╭──

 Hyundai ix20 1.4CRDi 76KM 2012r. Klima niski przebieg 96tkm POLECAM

╰──
╭──

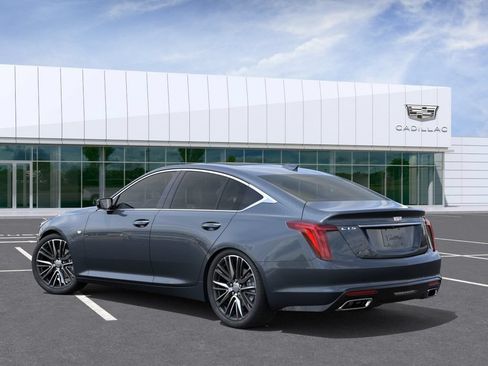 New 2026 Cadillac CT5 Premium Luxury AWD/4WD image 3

╰──
╭──

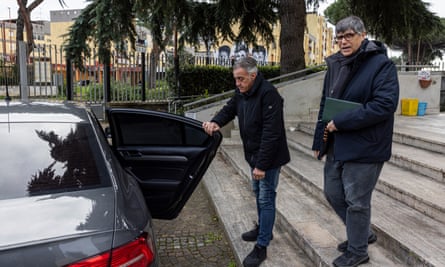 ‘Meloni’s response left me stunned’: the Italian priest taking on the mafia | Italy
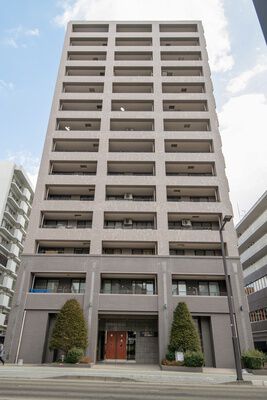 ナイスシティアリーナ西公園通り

╰──

● **TASK**: In the entries above, find the line with "mafia | Italy" and the line with "ナイスシティアリーナ西公園通り". Write out exactly those two lines and every line between them, pictures excluded.

● **RESULT**:
 ‘Meloni’s response left me stunned’: the Italian priest taking on the mafia | Italy
 ナイスシティアリーナ西公園通り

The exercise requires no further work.